Davos süreci içerisinde başlayan ikili iletişim ve görüşmeler ise taraflar arasındaki sorunların çözümlenmesine yönelik olmaktan ziyade, iki ülke arasındaki güven ortamı ve doğrudan iletişimin yeniden kurularak geleceğe yönelik bir zeminin hazırlanmasını hedefliyor. Bu bağlamda, kıta sahasına ilişkin uyuşmazlık konusunun daha uzun süre çözümlenemeyeceği söylenebilir.

Advertisement

Yunanistan, sorununun Uluslararası Adalet Divanı’na götürülerek çözümlenmesi önerisinde ısrar ederken Türkiye, ilke olarak bu fikre ılımlı yaklaşmakla birlikte, iki ülke arasında doğrudan görüşmeler yapılarak bir çözüme ulaşılmasını istiyor ve daha önce Divan’a gidilmesine karşı çıkıyor.

Bu gelişmeler çerçevesinde Yunanistan, kıta sahanlığına ilişkin beklentilerini, özellikle ulusal karasularını 6 milden 12 mile çıkarma hakkını kullanabileceği bir ulusal/uluslararası ortam beklentisi içerisine girmiş gözüküyor.
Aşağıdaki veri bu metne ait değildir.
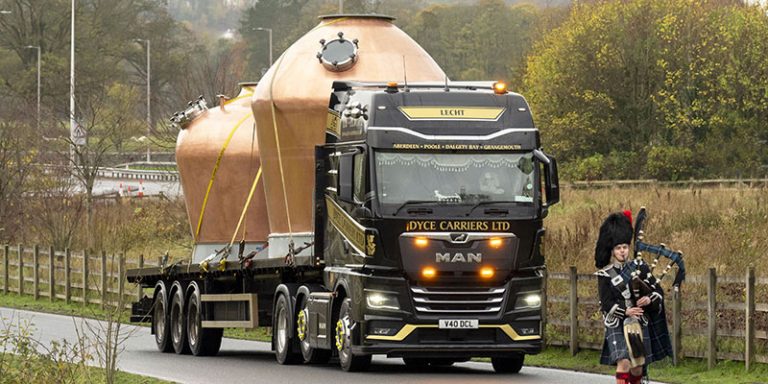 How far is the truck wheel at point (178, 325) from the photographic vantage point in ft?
92.5

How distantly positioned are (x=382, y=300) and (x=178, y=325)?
8.32 metres

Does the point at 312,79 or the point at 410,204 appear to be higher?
the point at 312,79

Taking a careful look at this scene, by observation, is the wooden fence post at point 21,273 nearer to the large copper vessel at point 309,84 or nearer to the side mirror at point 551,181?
the large copper vessel at point 309,84

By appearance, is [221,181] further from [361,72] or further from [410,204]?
[410,204]

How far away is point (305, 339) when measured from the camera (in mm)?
23281

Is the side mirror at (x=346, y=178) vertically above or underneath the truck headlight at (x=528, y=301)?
above

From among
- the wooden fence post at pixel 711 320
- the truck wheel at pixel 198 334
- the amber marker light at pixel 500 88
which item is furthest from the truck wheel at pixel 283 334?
the wooden fence post at pixel 711 320

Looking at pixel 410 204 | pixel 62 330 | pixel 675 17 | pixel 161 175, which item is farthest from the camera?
pixel 161 175

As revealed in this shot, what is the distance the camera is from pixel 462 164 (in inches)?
839

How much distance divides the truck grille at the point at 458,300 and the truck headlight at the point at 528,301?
25 centimetres

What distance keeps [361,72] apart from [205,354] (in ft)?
18.2

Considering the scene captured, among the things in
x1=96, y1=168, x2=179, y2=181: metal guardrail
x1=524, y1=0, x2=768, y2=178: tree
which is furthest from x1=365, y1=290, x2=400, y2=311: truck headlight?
x1=96, y1=168, x2=179, y2=181: metal guardrail

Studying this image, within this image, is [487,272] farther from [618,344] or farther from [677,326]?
[618,344]

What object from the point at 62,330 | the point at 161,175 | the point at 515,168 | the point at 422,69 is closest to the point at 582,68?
the point at 161,175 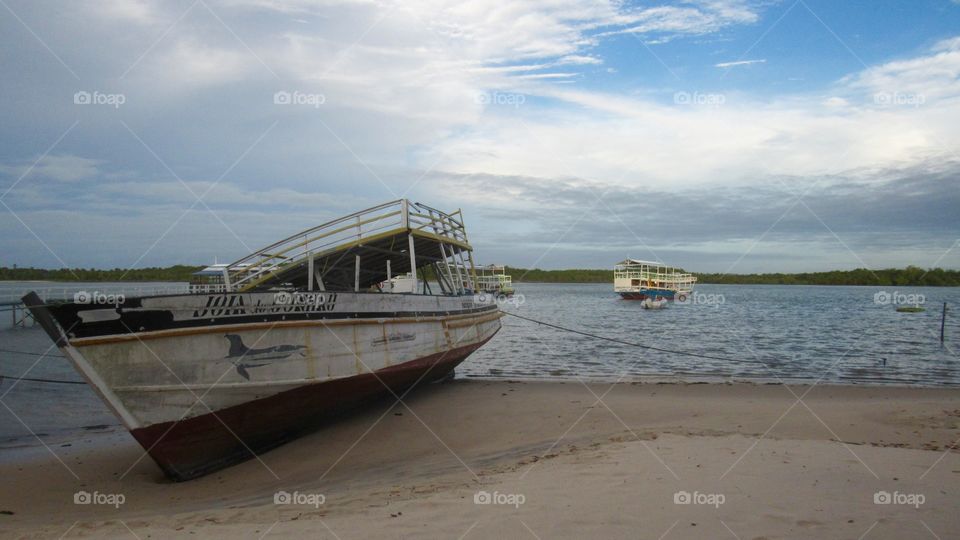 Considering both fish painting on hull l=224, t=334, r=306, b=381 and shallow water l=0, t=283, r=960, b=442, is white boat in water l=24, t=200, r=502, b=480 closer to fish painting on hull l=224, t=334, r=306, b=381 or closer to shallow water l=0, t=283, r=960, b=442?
fish painting on hull l=224, t=334, r=306, b=381

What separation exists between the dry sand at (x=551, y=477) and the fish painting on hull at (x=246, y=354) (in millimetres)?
1570

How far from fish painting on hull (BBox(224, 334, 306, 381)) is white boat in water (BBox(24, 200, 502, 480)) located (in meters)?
0.01

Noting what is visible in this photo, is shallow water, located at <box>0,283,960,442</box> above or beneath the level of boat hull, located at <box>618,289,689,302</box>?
beneath

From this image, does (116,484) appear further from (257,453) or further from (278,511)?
(278,511)

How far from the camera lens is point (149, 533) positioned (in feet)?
18.6

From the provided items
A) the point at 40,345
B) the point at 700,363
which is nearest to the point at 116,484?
the point at 700,363

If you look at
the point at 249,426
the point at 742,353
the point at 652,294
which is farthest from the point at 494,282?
the point at 249,426

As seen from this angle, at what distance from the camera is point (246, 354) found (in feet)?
27.7

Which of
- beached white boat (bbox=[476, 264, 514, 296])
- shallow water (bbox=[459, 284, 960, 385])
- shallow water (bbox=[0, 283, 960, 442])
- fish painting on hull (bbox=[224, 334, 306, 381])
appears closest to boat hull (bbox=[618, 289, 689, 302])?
beached white boat (bbox=[476, 264, 514, 296])

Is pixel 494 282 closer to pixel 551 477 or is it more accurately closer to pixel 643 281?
pixel 643 281

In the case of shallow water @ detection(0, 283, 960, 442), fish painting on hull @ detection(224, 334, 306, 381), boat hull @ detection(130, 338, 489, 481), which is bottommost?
shallow water @ detection(0, 283, 960, 442)

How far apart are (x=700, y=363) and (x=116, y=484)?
17.6 meters

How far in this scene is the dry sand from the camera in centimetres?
542

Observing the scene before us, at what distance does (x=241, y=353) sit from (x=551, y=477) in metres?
4.58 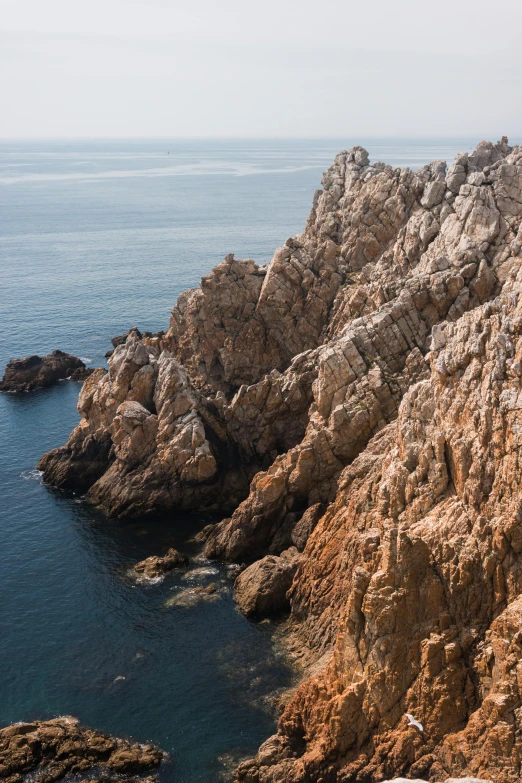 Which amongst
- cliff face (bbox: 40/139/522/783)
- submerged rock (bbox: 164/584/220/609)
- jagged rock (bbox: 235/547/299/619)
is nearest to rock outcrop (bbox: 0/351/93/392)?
cliff face (bbox: 40/139/522/783)

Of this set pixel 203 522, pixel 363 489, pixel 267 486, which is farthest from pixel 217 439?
pixel 363 489

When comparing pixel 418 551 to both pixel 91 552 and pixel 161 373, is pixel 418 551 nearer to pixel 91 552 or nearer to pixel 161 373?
pixel 91 552

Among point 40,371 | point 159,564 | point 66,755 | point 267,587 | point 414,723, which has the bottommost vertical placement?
point 66,755

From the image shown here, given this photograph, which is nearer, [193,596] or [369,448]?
[369,448]

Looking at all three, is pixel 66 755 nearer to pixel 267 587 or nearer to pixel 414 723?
pixel 267 587

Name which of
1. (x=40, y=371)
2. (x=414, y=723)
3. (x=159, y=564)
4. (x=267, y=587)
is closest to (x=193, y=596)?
(x=159, y=564) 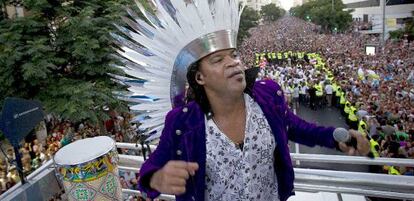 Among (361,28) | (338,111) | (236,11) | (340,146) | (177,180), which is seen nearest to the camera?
(177,180)

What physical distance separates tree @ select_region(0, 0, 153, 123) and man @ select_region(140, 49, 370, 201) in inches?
250

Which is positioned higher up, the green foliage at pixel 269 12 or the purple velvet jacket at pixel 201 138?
the green foliage at pixel 269 12

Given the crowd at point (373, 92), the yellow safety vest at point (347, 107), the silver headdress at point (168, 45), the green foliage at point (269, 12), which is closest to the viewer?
the silver headdress at point (168, 45)

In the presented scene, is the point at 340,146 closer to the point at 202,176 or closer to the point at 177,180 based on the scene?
the point at 202,176

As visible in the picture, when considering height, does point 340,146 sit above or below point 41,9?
below

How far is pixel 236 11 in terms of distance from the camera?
1858 millimetres

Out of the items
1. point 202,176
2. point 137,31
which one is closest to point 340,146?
point 202,176

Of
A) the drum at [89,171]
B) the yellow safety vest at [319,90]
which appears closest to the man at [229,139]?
the drum at [89,171]

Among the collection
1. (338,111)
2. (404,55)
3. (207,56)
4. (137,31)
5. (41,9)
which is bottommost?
(338,111)

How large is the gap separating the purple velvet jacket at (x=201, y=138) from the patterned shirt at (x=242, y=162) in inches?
1.4

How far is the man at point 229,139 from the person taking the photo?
5.41ft

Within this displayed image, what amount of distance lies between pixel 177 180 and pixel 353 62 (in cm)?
1932

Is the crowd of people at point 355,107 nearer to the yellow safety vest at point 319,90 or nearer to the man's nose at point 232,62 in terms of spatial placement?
the yellow safety vest at point 319,90

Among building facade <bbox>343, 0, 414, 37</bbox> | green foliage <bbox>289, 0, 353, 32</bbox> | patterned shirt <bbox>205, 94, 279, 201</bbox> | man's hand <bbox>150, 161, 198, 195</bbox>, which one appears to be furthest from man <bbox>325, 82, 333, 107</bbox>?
green foliage <bbox>289, 0, 353, 32</bbox>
Türkiye’nin böyle bir kararı savaş nedeni olarak değerlendirmesi, Yunanistan’ın bu göndeki çabalarını şu an için engelliyor.

Bununla birlikte, Aralık 1999’da gerçekleşen AB Helsinki Zirvesi’nde varılan mutabakat sonucu, Türkiye ile Yunanistan arasında Ege Denizi’ne ilişkin sorunların 2004 yılına kadar ikili görüşmeler yoluyla çözümlenmesi, çözümlenemediği takdirde Uluslararası Adalet Divanı’na götürülmesine ilişkin sürecin başlatılması kararlaştırılmıştı. İki ülkenin dışişleri müsteşarları, Mart 2002’den bu yana her ay düzenli bir şekilde bir araya gelip Ege sorunlarını görüşüyorlar. Uyuşmazlık konularının 2004 sonuna kadar çözümlenmesine ilişkin girişimlerin sonuç verip vermeyeceği belirsiz ancak taraflar daha iyimser gözüküyorlar. Türkiye ile Yunanistan’ın bu “keşif amaçlı” görüşmeler sonunda, Ege sorunları üzerinde müzakerelere başlama kararı aldıklarını açıklamaları bile iki ülke ilişkilerinde çok önemli bir sıçramayı gösterecek.